Lenovo is under fire again after researchers found three high-severity vulnerabilities in the Chinese PC maker’s system update – one of which could allow remote hackers to replace trusted applications on machines with malicious ones.
IOActive claimed that CVE-2015-2233 affected Lenovo System Update versions 5.6.0.27 and earlier.
It allows remote hackers to take advantage of the fact that Lenovo doesn’t fully verify executables which System Update downloads from the internet and runs. They can do this via a classic “coffee shop” style man-in-the-middle (MITM) attack.
IOActive explained:
“When performing the signature validation, Lenovo failed to properly validate the CA (certificate authority) chain. As a result, an attacker can create a fake CA and use it to create a code-signing certificate, which can then be used to sign executables.
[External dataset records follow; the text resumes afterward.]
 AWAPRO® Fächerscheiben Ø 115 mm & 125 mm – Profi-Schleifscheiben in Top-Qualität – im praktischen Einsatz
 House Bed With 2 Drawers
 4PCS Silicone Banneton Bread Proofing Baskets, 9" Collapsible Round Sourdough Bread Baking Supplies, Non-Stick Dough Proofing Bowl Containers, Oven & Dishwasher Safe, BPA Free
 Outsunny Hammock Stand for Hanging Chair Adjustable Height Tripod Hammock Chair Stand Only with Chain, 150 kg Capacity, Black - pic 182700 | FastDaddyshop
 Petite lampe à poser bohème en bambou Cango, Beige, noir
Since the System Update failed to properly validate the CA, the System Update will accept the executables signed by the fake certificate and execute them as a privileged user.”
Lenovo released an update on 1 April which validates the CA chain, fixing the flaw.
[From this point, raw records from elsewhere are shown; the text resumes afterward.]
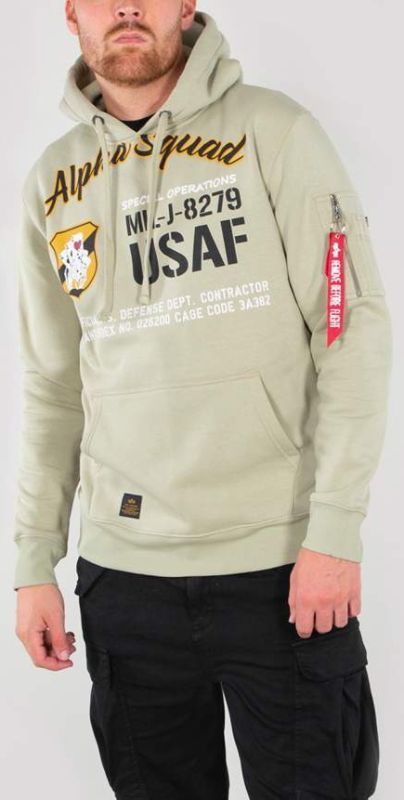 ALPHA INDUSTRIES Mikina Alpha Squad Hoody - light olive (188311/82)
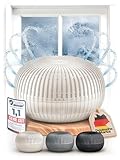 PUREVA Flow Luftentfeuchter ohne Strom bis 25m² [NEUESTE FORMEL] Raumentfeuchter ohne Strom mit 450g Entfeuchter Granulat - Raumluftentfeuchter - Feuchtigkeitsabsorber für ein angenehmes Wohnk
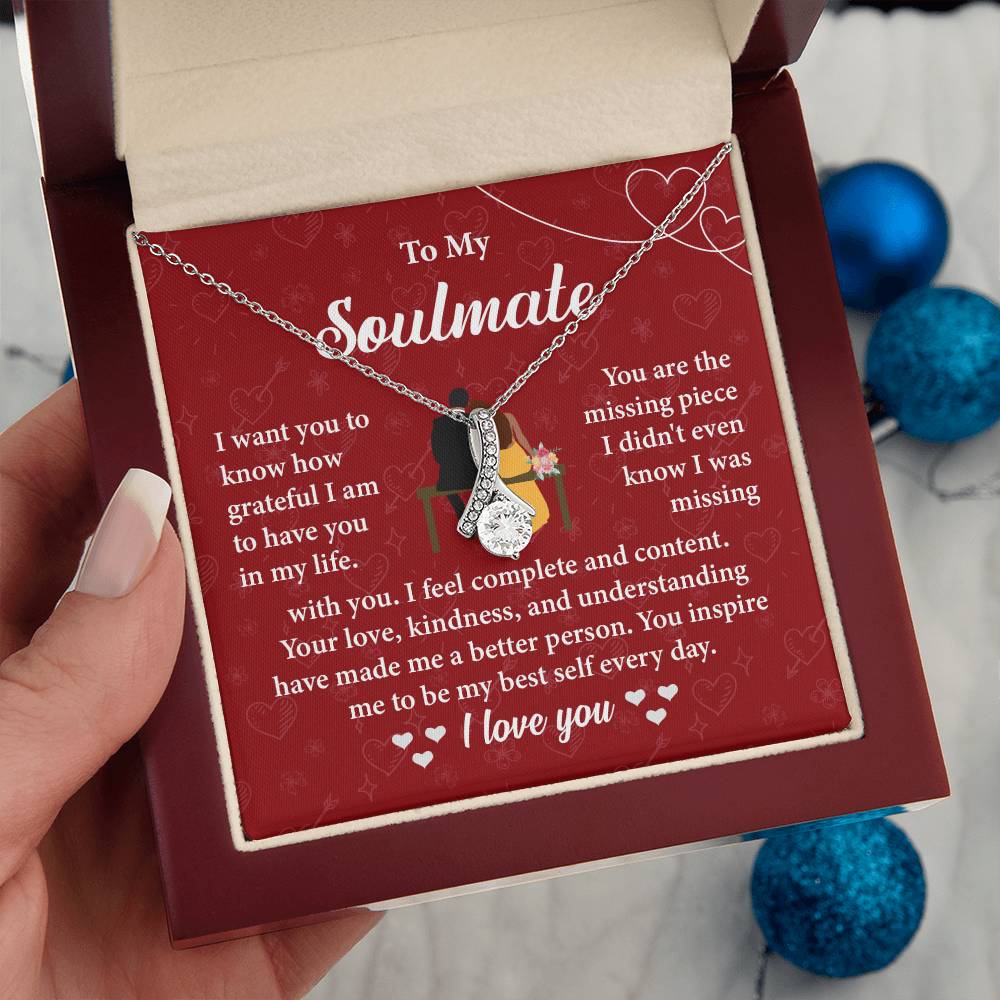 Soulmate Necklace Gift for Her – Message Card Box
“Lenovo’s development and security teams worked directly with IOActive regarding their Lenovo System Update vulnerability findings, and we value their expertise in identifying and responsibly reporting them,” it said in a statement.
Users will be automatically prompted to install the updated version of the program when the app is run, or they can manually update System Update as explained here.
The update also fixes two other high-severity flaws discovered by IOActive.
CVE-2015-2219 allows a local least privileged user to run commands as a System user; while CVE-2015-2234 allows local unprivileged users to run commands as an administrative user.
Kevin Bocek, vice president of security, strategy and threat intelligence at Venafi, argued that the system of trust that keeps the internet running safely is “very fragile.”
“Lenovo is certainly not alone in their inability to properly validate digital certificates – this is just the tip of the iceberg. And as this vulnerability shows, if you can compromise certificates, other security controls break down,” he added.
“Using keys and certificates attempted to solve the first security problems on the internet – what can I trust and what can be private. But with the rapid rise in vulnerabilities and attacks, now more than ever is the time to take protecting keys and certificates seriously.”
The news comes just a few months after Lenovo became embroiled at the center of an adware storm after it emerged that the firm’s pre-loaded Superfish software used fake, self-signed root certificates – a practice which could have allowed hackers to launch MITM attacks against users without their knowledge.